● DATA SHOWN
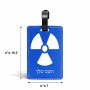 תווית לסימון מזוודה \ תיק בעיצוב אישי עם השם שלך בעיצוב פצצת אטום גרעינית גודל 10.3 × 7 ס"מ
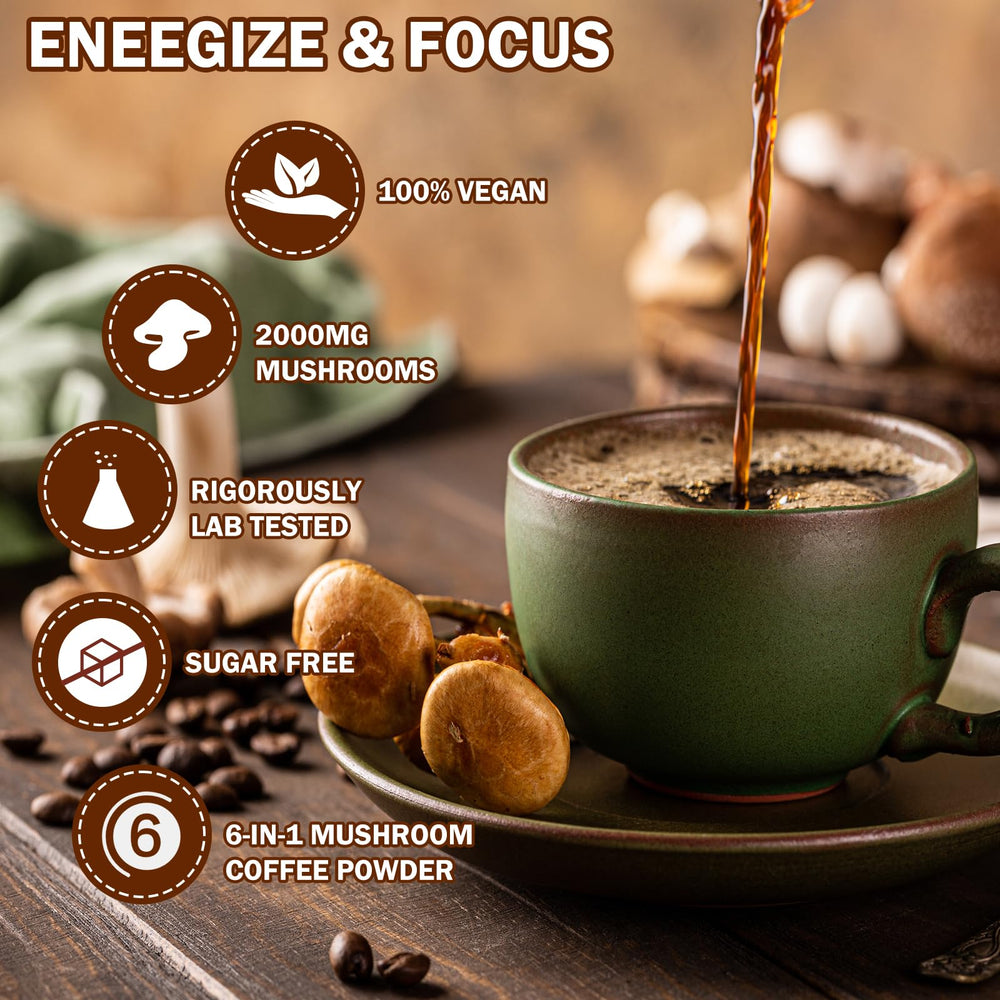 Hotvox Mushroom Coffee ingredients close-up highlights gluten-free and non-GMO formula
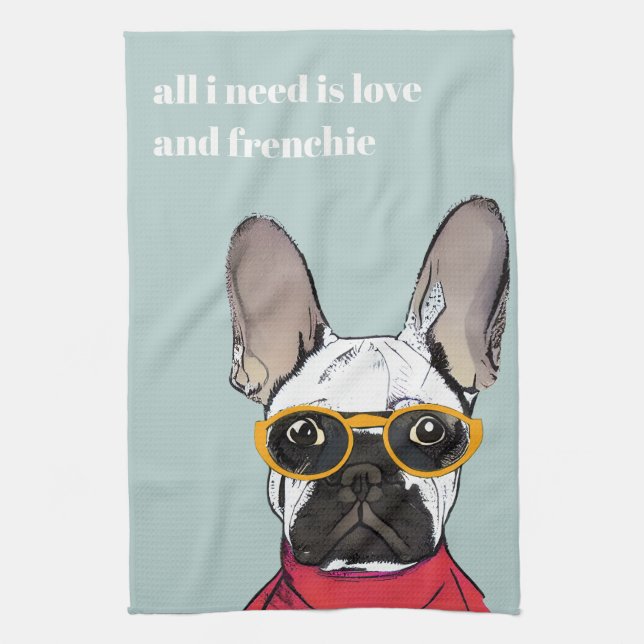 Cute Retro Red French Bulldog With Neon Glasses Tea Towel (Vertical)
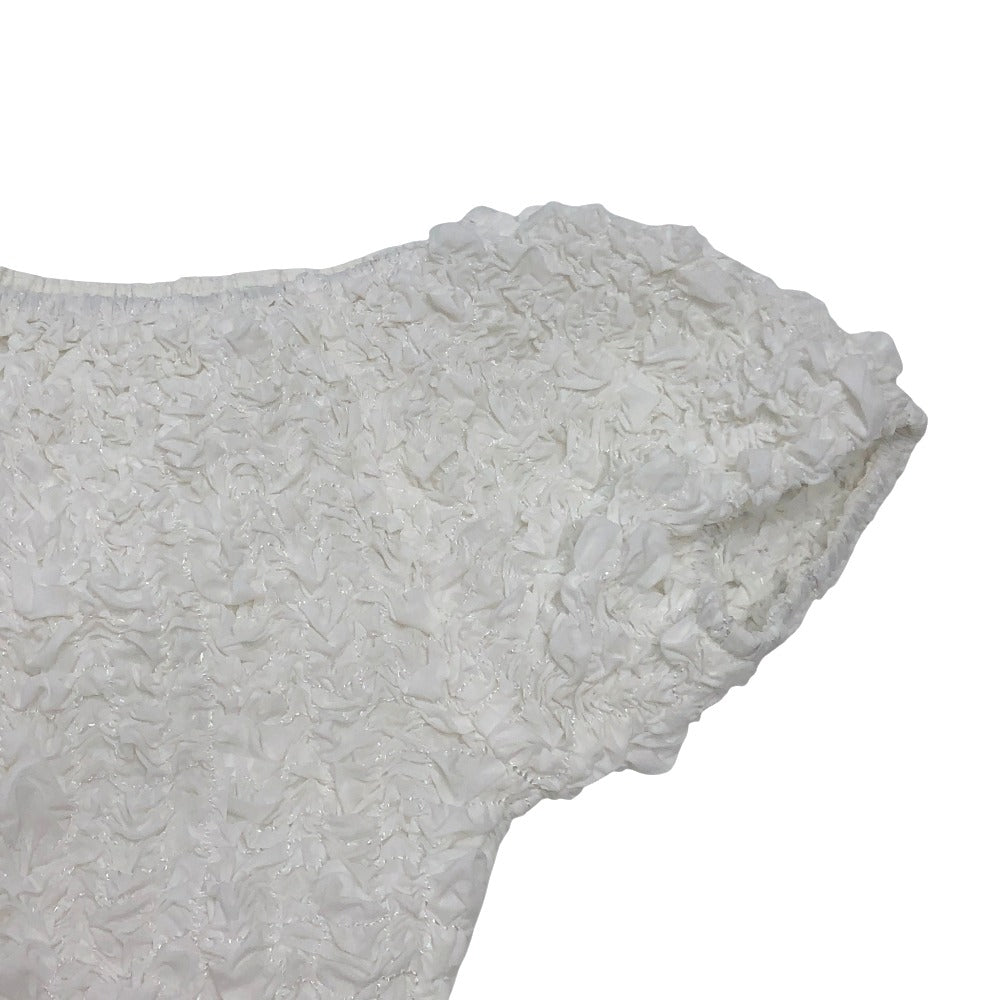 LE CIEL BLEU 27A63204 Ruched Apparel Short-sleeved peplum top Cut cotton White Used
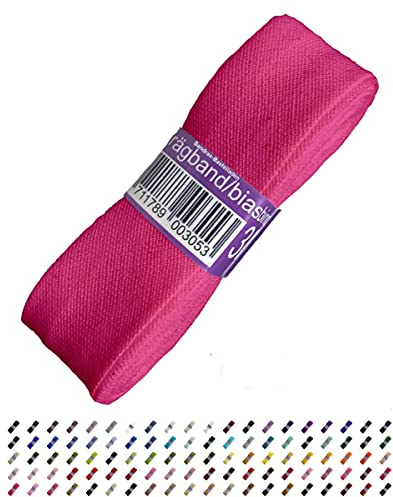 Sandras-Bastelladen Schrägband/Einfassband Baumwolle Uni gefalzt 3m x 20mm 796-Kräftiges Pink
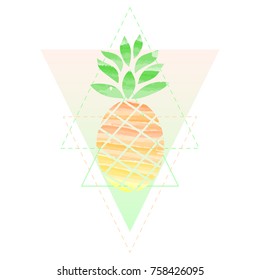 tropical exotic pattern with  pineapple in nursery light pastel colors
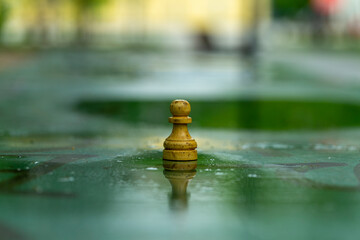 abandoned chess piece on a chess table outside in a park after rain
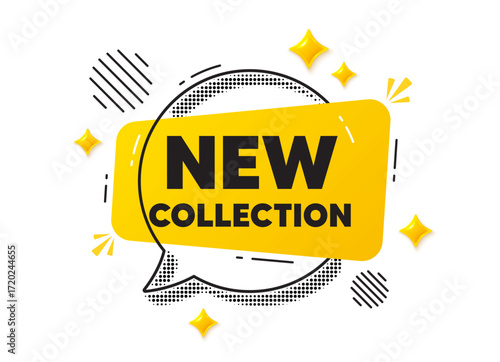 New collection chat speech bubble. Social media concept. New collection tag. New fashion arrival sign. Advertising offer symbol. Yellow chat message. Offer speech bubble. Glare 3d stars. Vector
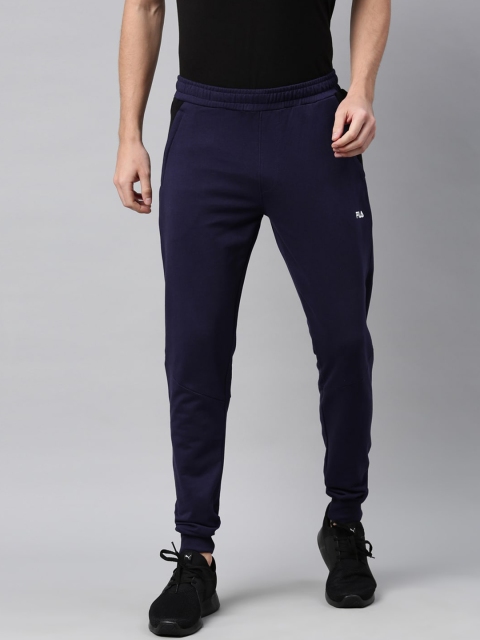 

FILA Men Navy Blue REGGIE Solid Pure Cotton Joggers
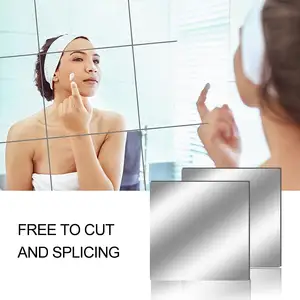 12" X 12" Flexible Self Adhesive Mirror Tiles Square Wall Stickers For DIY Craft Home Wall Decor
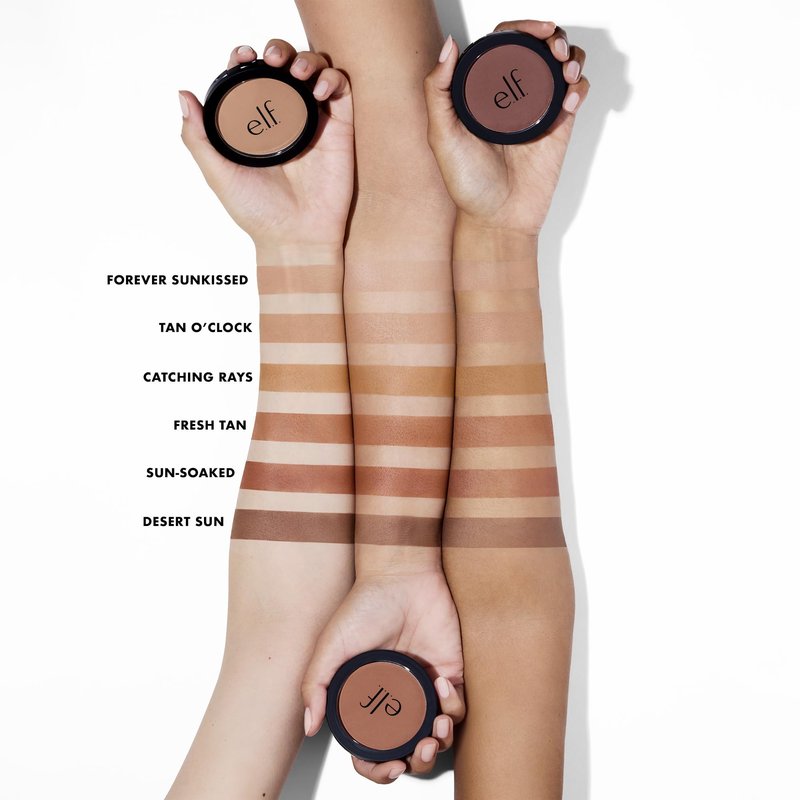 e.l.f. Primer-Infused Bronzer, Long-Lasting, Lightweight & Buildable Powder Bronzer, Delivers A Matte Finish, Vegan & Cruelty-Free, Fresh Tan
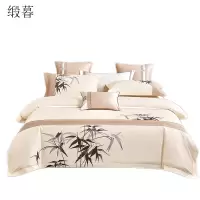 缎暮 100支长绒棉经典时尚刺绣贡缎四件套 1.8M床(被套:200*230CM) 套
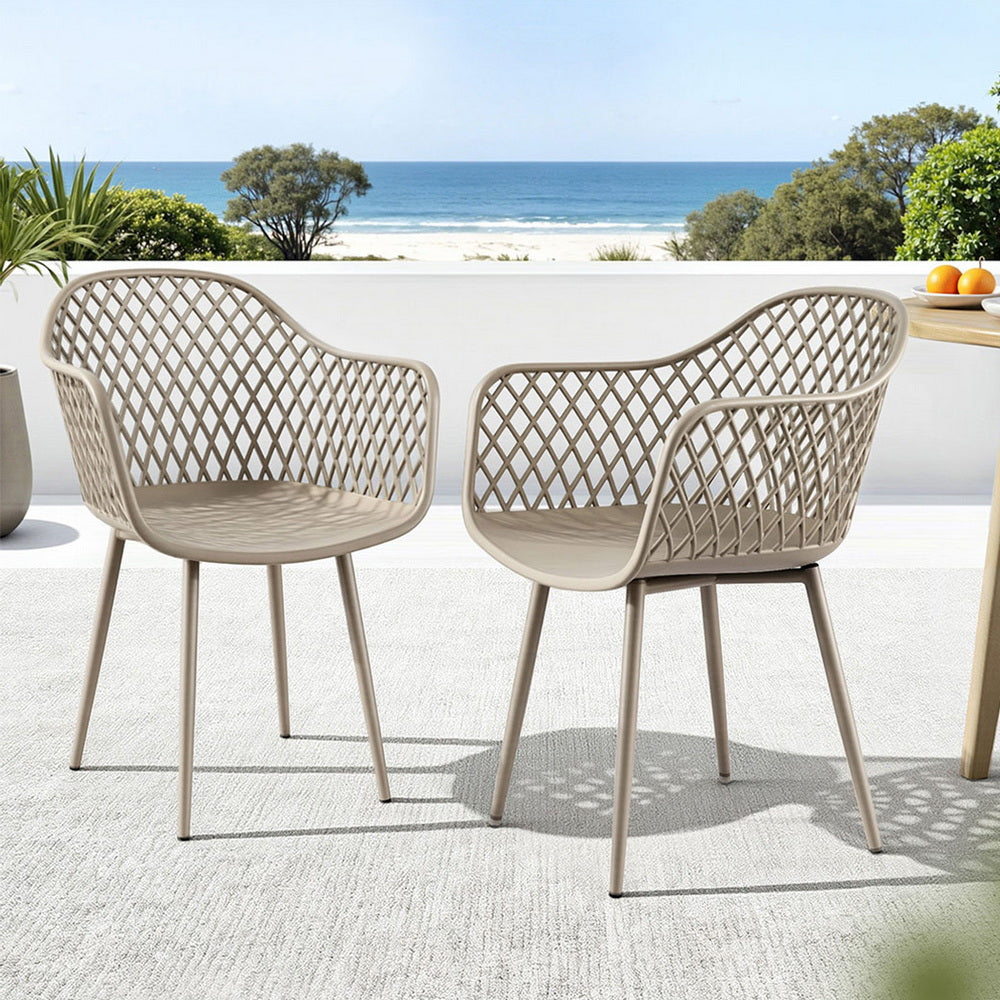 Outdoor Chairs: Gardeon 4PC Outdoor Dining Chairs PP Lounge Chair Patio Furniture Garden Coffee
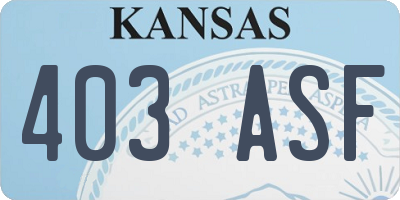 KS license plate 403ASF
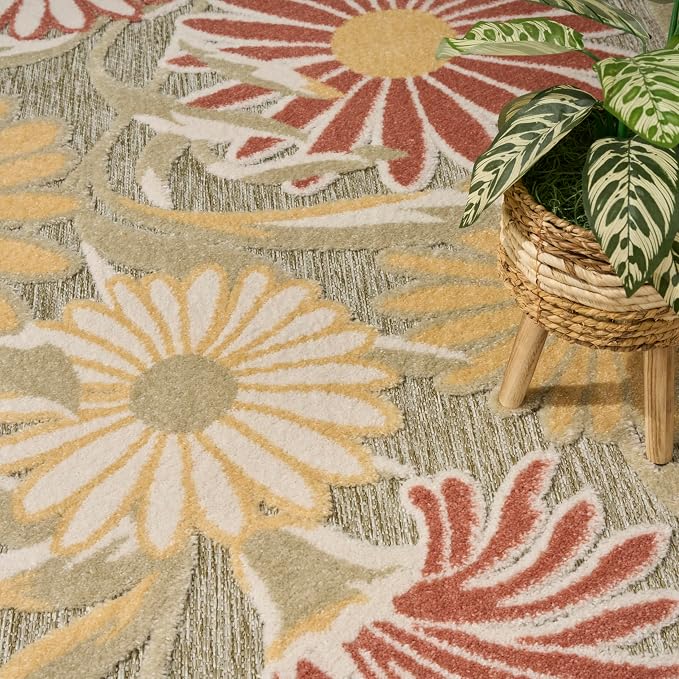 Nourison Home Aloha Sage Rose 3'6" x 5'6" Area Rug - Easy Clean, Non Shedding, Bed Room, Living Room, Dining Room, Kitchen (4' x 6')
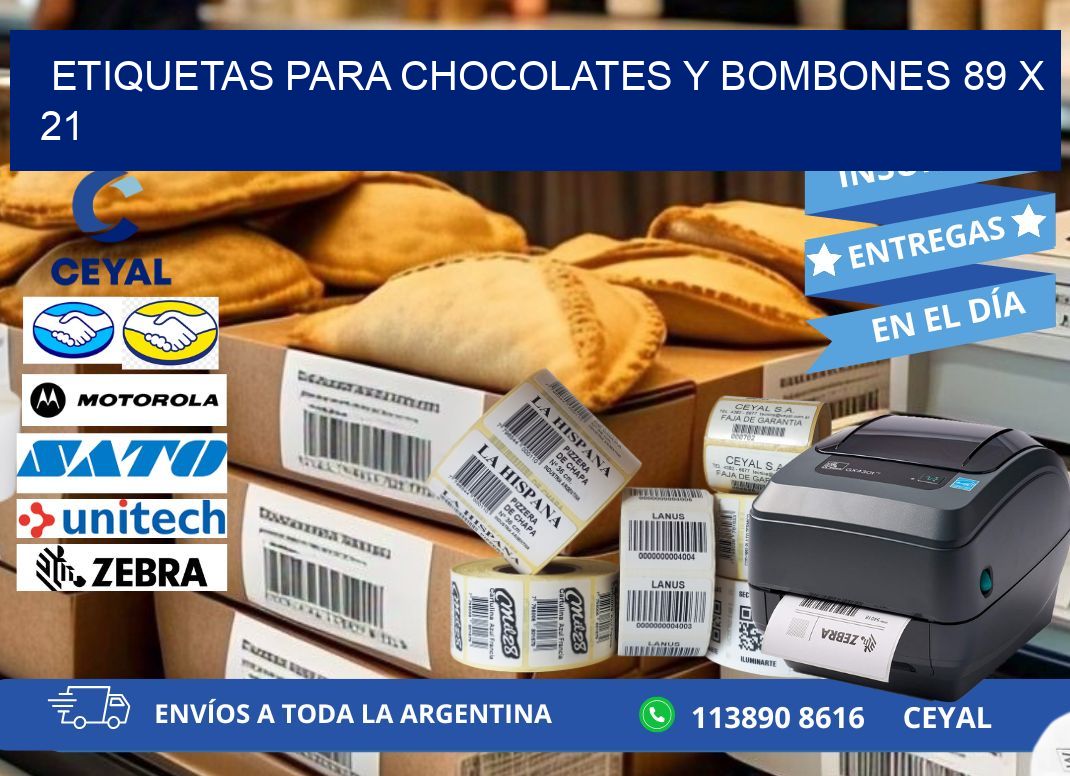ETIQUETAS PARA CHOCOLATES Y BOMBONES 89 x 21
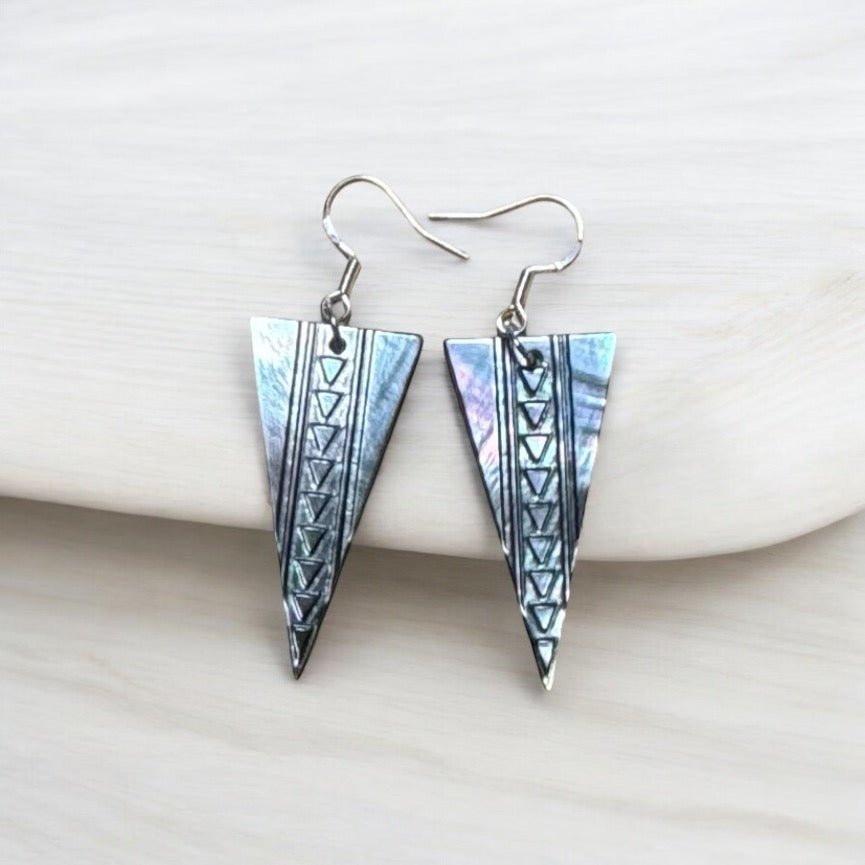 Native American Hand Made Triangle Abalone Earrings - Silver Ear Wire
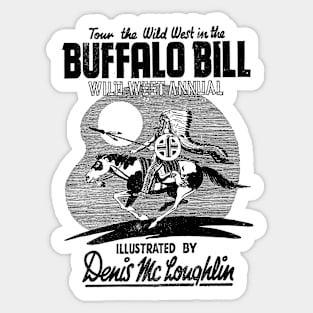 No Background Running on Horseback through The  Desert Buffalo Bill Western Robbery Cowboy Retro Comic Sticker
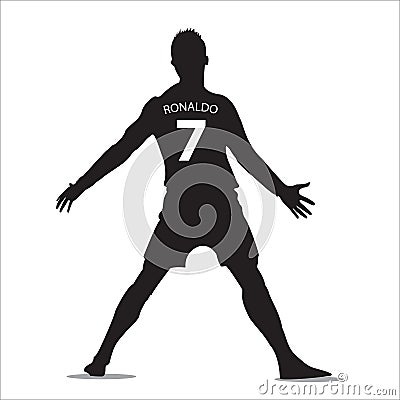 Cristiano Ronaldo vector silhouette, the illustration can be used for, magazine, news, web, collection, and more Vector Illustration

● WHAT TO WORK ON
Repeat the records in full, exactly as they appear, without the pictures.

● RESULT OF THIS EXERCISE
 תווית לסימון מזוודה \ תיק בעיצוב אישי עם השם שלך בעיצוב פצצת אטום גרעינית גודל 10.3 × 7 ס"מ
 Hotvox Mushroom Coffee ingredients close-up highlights gluten-free and non-GMO formula
 Cute Retro Red French Bulldog With Neon Glasses Tea Towel (Vertical)
 LE CIEL BLEU 27A63204 Ruched Apparel Short-sleeved peplum top Cut cotton White Used
 Sandras-Bastelladen Schrägband/Einfassband Baumwolle Uni gefalzt 3m x 20mm 796-Kräftiges Pink
 tropical exotic pattern with  pineapple in nursery light pastel colors
 abandoned chess piece on a chess table outside in a park after rain
 New collection chat speech bubble. Social media concept. New collection tag. New fashion arrival sign. Advertising offer symbol. Yellow chat message. Offer speech bubble. Glare 3d stars. Vector

FILA Men Navy Blue REGGIE Solid Pure Cotton Joggers
 12" X 12" Flexible Self Adhesive Mirror Tiles Square Wall Stickers For DIY Craft Home Wall Decor
 e.l.f. Primer-Infused Bronzer, Long-Lasting, Lightweight & Buildable Powder Bronzer, Delivers A Matte Finish, Vegan & Cruelty-Free, Fresh Tan
 缎暮 100支长绒棉经典时尚刺绣贡缎四件套 1.8M床(被套:200*230CM) 套
 Outdoor Chairs: Gardeon 4PC Outdoor Dining Chairs PP Lounge Chair Patio Furniture Garden Coffee
 KS license plate 403ASF
 Nourison Home Aloha Sage Rose 3'6" x 5'6" Area Rug - Easy Clean, Non Shedding, Bed Room, Living Room, Dining Room, Kitchen (4' x 6')
ETIQUETAS PARA CHOCOLATES Y BOMBONES 89 x 21
 Native American Hand Made Triangle Abalone Earrings - Silver Ear Wire
 No Background Running on Horseback through The  Desert Buffalo Bill Western Robbery Cowboy Retro Comic Sticker
 Cristiano Ronaldo vector silhouette, the illustration can be used for, magazine, news, web, collection, and more Vector Illustration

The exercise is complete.